=== Section Start ===

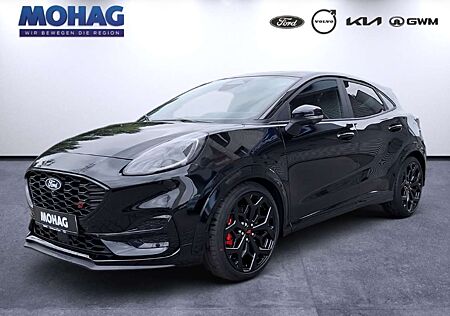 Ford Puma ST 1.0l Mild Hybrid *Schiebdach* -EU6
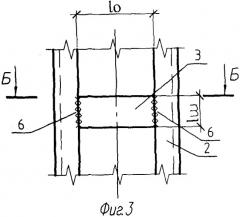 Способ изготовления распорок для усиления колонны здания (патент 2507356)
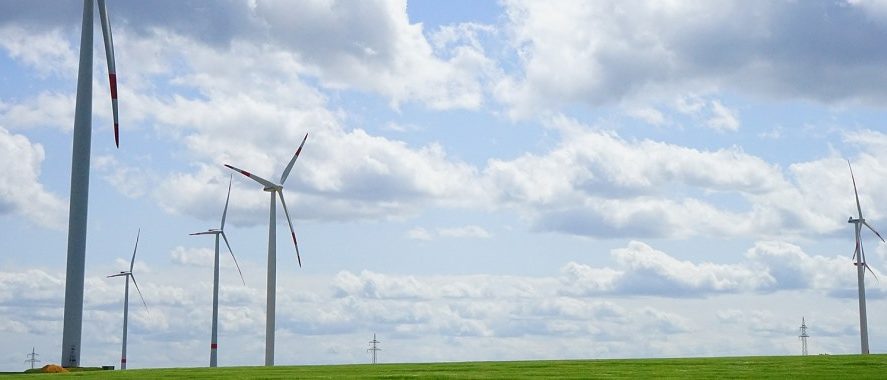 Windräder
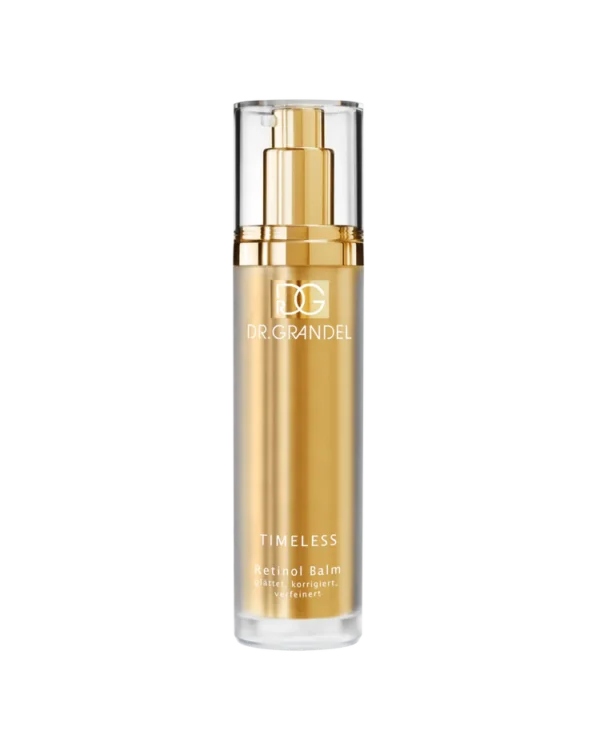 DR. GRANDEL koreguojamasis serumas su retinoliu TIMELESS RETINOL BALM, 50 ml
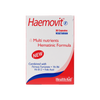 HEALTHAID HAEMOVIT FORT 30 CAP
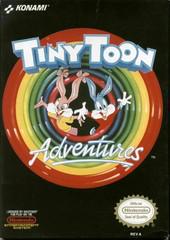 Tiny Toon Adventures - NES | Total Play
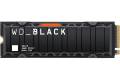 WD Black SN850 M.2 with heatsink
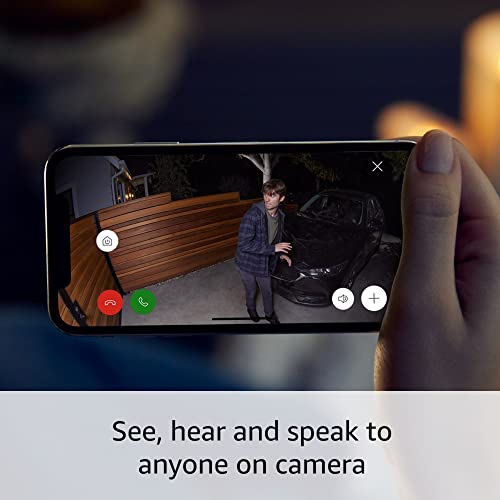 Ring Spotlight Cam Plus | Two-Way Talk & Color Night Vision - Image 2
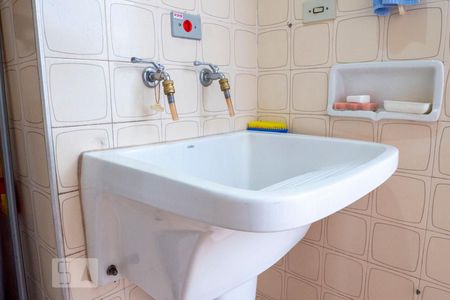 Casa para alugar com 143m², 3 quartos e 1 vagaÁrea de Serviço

=== Section End ===
=== Section Start ===

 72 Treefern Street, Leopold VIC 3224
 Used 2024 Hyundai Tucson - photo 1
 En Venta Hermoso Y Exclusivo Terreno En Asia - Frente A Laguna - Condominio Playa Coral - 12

=== Section End ===
=== Section Start ===

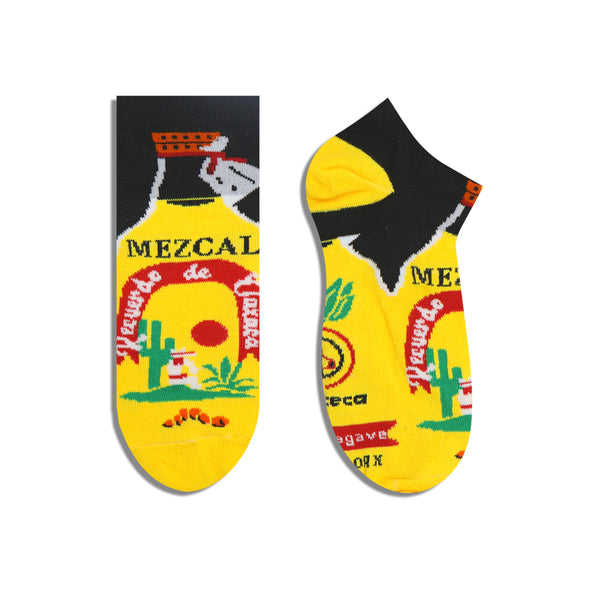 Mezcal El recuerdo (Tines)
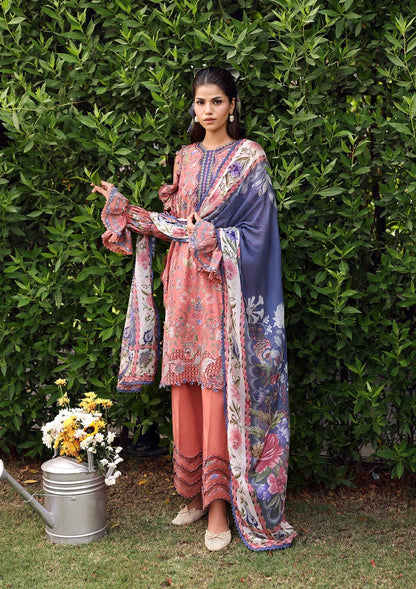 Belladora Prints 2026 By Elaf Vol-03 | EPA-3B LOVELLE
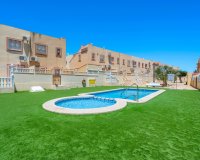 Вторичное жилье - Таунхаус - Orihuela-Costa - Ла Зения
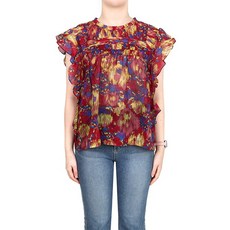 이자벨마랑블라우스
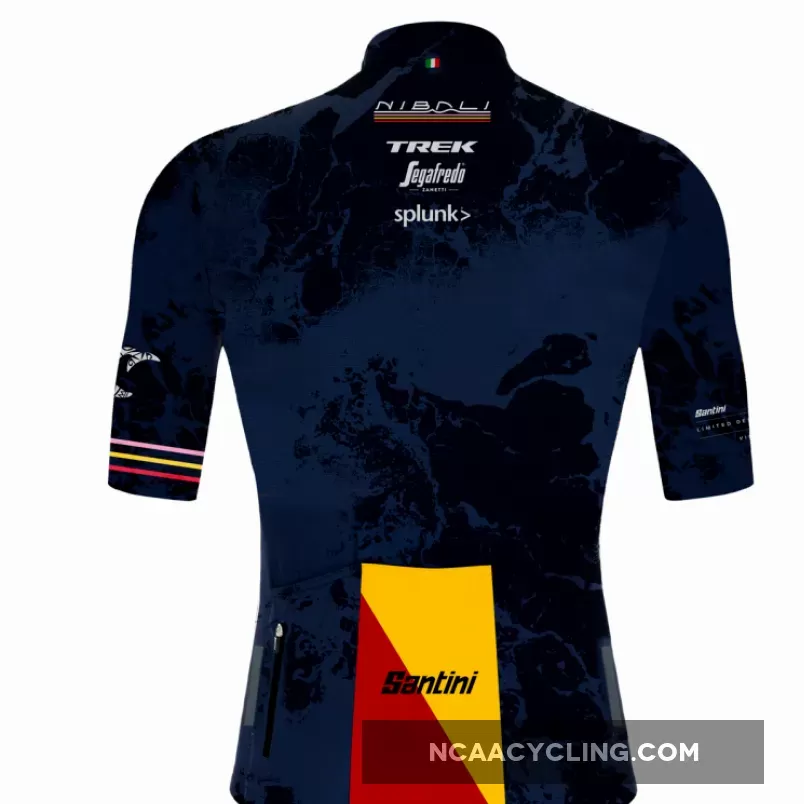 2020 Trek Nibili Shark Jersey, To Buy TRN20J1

=== Section End ===

* PROBLEM STATEMENT *
Work from the entries above. Set down exactly and only the lines from the line with "Ford Puma ST" to the line with "Casa para alugar", both included, and leave the pictures out.

* ANSWER *
 Ford Puma ST 1.0l Mild Hybrid *Schiebdach* -EU6
 Способ изготовления распорок для усиления колонны здания (патент 2507356)
 Windräder
 DR. GRANDEL koreguojamasis serumas su retinoliu TIMELESS RETINOL BALM, 50 ml
 HEALTHAID HAEMOVIT FORT 30 CAP
 Tiny Toon Adventures - NES | Total Play
 WD Black SN850 M.2 with heatsink
 Ring Spotlight Cam Plus | Two-Way Talk & Color Night Vision - Image 2
 Casa para alugar com 143m², 3 quartos e 1 vagaÁrea de Serviço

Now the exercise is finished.